The way to do it depends on the character code.
-
If the code fits in 8 bits, you put \xHH
, with HH
the hexadecimal representation of those 8 bits. Notice that we are talking about the Unicode code, not its transformation to UTF-8. So, for example, the code of the eñe is U+00F1
, but since the high part is 00, we only need to specify the F1
, which fits in eight bits, so it would be \xf1
.
Another thing is its representation utf8, which would be two bytes and that we can obtain with:
>>> u'\xf1'.encode("utf8")
b'\xc3\xb1'
-
If it does not fit in 8 bits but fits in 16, like for example the euro code (€) that is U+20AC
, you can use the form \uXXXX
, where XXXX
is the hexadecimal representation of those 16 bits . Its transformation to UTF8 is obtained as before:
>>> u'\u20ac'.encode("utf8")
b'\xe2\x82\xac'
-
Finally, if it also does not fit in 16 bits, as is the case with the emojis and your example, then you have to represent it with 32 bits using the form \UXXXXXXXX
, with XXXXXXXX
being the hexadecimal representation of those 32 bits. In your example, U+1F601
would be represented as \U0001F601
. To get the bytes of your utf8 encoding, it is done the same as before:
>>> u'\U0001F601'.encode("utf8")
b'\xf0\x9f\x98\x81'
Note that the last option is the most general of all, since what fits in 8 bits also fits in 32. Therefore it would be possible to represent the eñe as \xf1
and also as \U000000f1
.
Update . If what you have is a string of "U+XXXXX"
and you want to get the utf8 version of the character represented there, you do not need anything of the above. Just extract what goes after U+
, decode it as an integer in hexadecimal, and use chr()

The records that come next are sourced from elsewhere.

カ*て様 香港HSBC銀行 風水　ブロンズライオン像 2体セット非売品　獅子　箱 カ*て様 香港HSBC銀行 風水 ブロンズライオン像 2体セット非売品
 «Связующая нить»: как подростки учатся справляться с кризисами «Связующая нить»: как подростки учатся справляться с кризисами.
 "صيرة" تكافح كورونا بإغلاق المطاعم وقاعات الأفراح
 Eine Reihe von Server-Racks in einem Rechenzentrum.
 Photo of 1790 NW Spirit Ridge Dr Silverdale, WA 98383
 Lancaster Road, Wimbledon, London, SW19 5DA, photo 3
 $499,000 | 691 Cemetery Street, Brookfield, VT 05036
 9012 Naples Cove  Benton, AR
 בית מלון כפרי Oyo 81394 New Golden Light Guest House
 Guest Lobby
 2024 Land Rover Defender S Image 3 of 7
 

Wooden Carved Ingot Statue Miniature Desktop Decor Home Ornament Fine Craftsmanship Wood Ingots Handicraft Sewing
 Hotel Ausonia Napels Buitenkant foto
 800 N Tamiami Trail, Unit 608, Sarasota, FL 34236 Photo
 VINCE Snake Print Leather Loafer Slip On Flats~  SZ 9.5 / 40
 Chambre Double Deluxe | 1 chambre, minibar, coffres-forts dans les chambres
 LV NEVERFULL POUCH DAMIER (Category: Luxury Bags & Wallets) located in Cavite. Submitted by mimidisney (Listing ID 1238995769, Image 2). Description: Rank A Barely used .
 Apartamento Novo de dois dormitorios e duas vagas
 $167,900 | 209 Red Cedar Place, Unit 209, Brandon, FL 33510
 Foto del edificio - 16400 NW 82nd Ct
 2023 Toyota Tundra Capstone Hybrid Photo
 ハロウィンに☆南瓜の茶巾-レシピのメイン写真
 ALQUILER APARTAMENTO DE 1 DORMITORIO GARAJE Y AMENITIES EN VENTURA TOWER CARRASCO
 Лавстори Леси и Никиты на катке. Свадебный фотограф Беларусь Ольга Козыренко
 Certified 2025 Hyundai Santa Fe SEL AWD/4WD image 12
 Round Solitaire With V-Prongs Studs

to get the character (unicode) that corresponds to that code. Once you have the character, you use .encode("utf8")
to get its encoding. So:
def unicode_to_utf8(unicode_point):
code = int(unicode_point[2:], 16)
return chr(code).encode("utf8")
Examples:
>>> unicode_to_utf8("U+F1")
b'\xc3\xb1'
>>> unicode_to_utf8("U+20AC")
b'\xe2\x82\xac'
>>> unicode_to_utf8("U+1F601")
b'\xf0\x9f\x98\x81'